On the topic of theater and pageantry, it was fun reminiscing with you yesterday about all the great shows you took me to before I had even turned 10, shows like Annie Get Your Gun, Camelot, and The King and I. I appreciate that you thought of bringing me to those shows and I’m glad we got to do that together.

Interviewing you about your relationship to theater and pageantry helped me further understand and appreciate how you cultivated a sustained love and value of these things. Thank you for sharing your thoughts in the deep yet easy-to-understand way that is your signature style of communicating ideas.

Love,
Eleanor
Your Daughter of 38.5 Years

INTERVIEW WITH MY DAD ON THE TOPIC OF PAGEANTRY
(Please note that in some places I have taken the liberty of paraphrasing what my dad said.)

Eleanor: How would you define pageantry?

Dad: Pageantry is an art form that is a combination of music, symbols, costume, and dance that communicates at all the levels of how humans experience things – through the intellect and through emotion, the heart.

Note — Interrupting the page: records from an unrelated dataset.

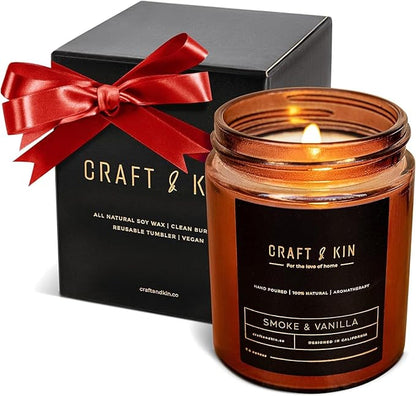 Craft & Kin Christmas Scented Candles for Men | Premium Smoke & Vanilla Holiday Candle for Home | All-Natural Scent | Long Lasting Winter Candles, 45-Hour Burn Time, 8oz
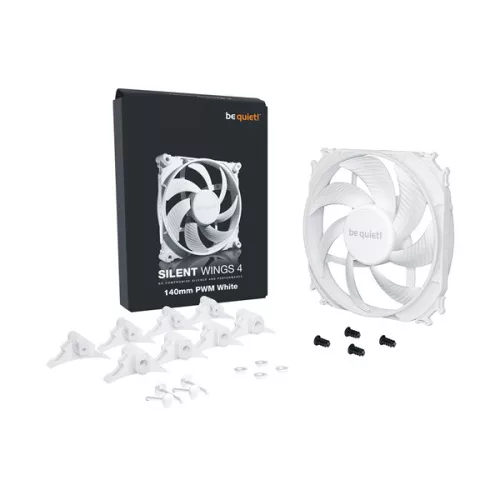 Be Quiet! Cooler 14cm - SILENT WINGS 4 White 140mm PWM (1100rpm, 13,6dB, fehér)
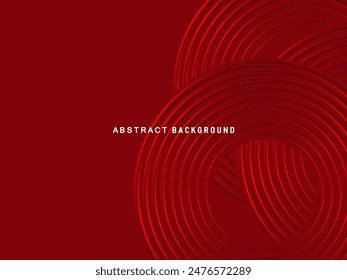 Abstract red glowing geometric lines on dark red background. Modern shiny red circle lines pattern. Futuristic technology concept, perfect for covers, posters, banners, brochures, websites, etc.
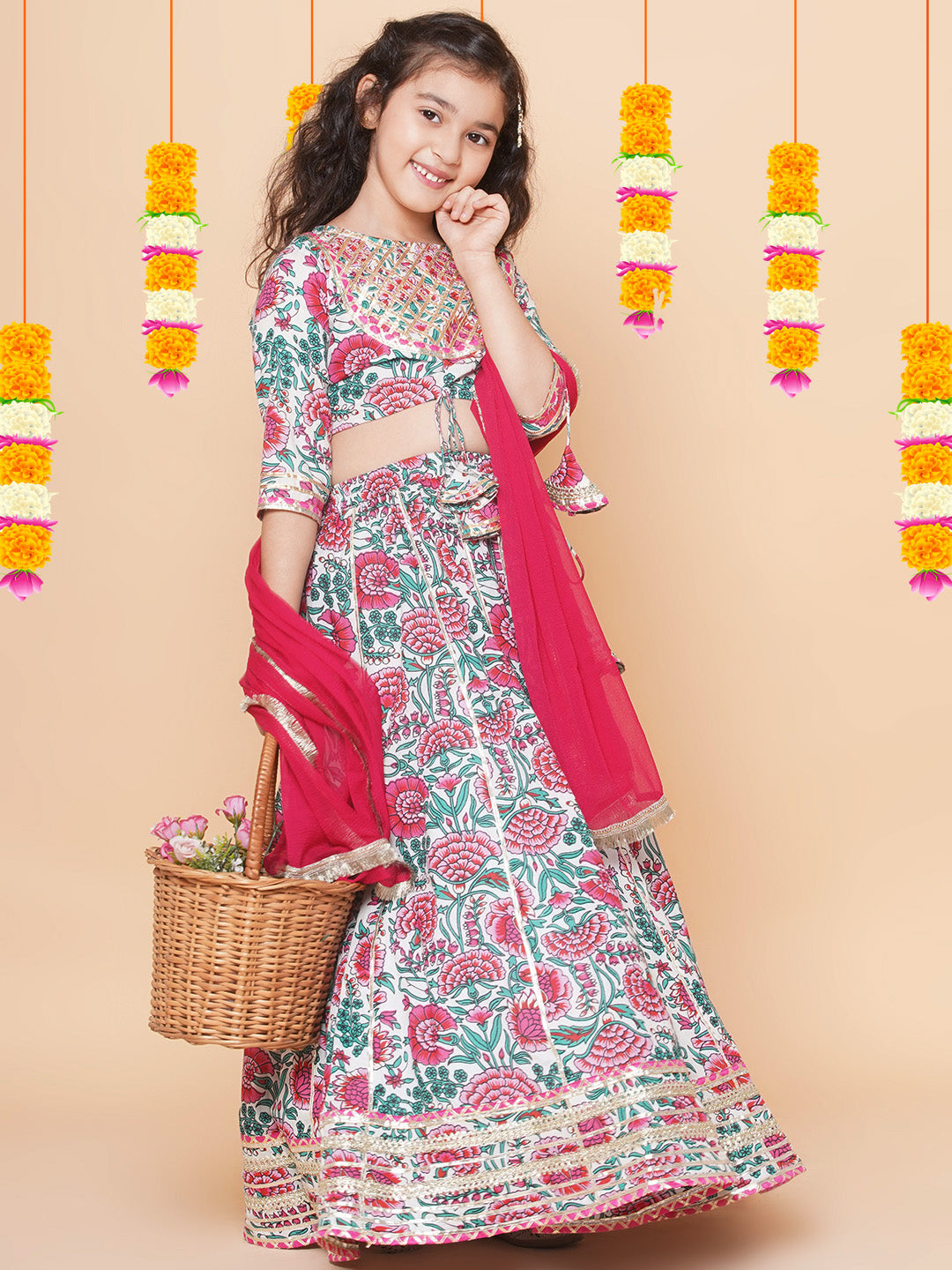 Bitiya by Bhama Girls Off White & Pink Flower Print Choli Ready to wear Lehenga With Dupatta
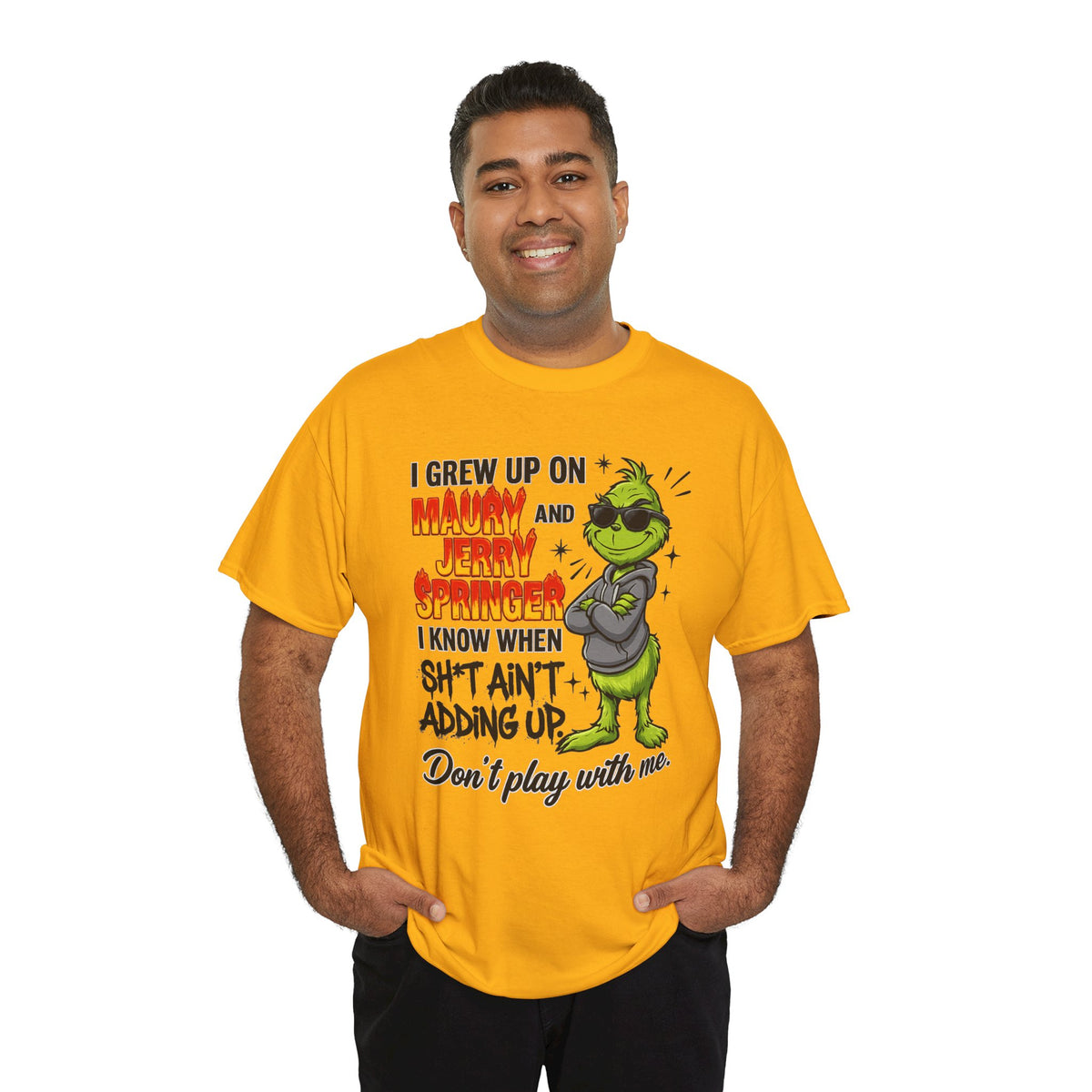 Grinch Cartoon Tee — "I Grew Up on Maury and Jerry Springer" Funny Holiday Shirt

Pageantry touches us in ways that intellect alone does not. It is a way of acknowledging, remembering and celebrating life.

Pageantry acknowledges what music, symbols, stories and art forms touch us and have meaning for us. It helps us remember who we are and pulls us to be more human, to be the best we can be. That is pageantry at its best.

Eleanor: What are some of your early memories of being exposed to theater and pageantry?

Dad: When I was in first grade [in public elementary school in Los Angeles], our school celebrated May Day. We had a May Day pole with ribbons hanging down and each one took a ribbon and walked in a circle around the pole with it. This represented a new dimension of life for me.

The school took us to see many operas, for example La Traviata . I was given a lot of culture in this way. They also took us to see the Los Angeles Philharmonic. We were bused to all these events.

I remember the costumes, the lighting, how the stories were told in art form. We were taught what the stories meant before going to the shows and we were taught who to look for in terms of the characters.

In terms of pageantry, there were school graduations and in college, there was pageantry surrounding football games. There were also parades like the Rose Parade. I remember marching bands at Cal Berkeley football games and seeing those bands touched me.

Eleanor: What has been the appeal of pageantry to you?

Dad: Pageantry has given me a strong sense of belonging, community, purpose, strength, and the idea of overcoming adversity by becoming excellent. I have always been vulnerable to inspiration.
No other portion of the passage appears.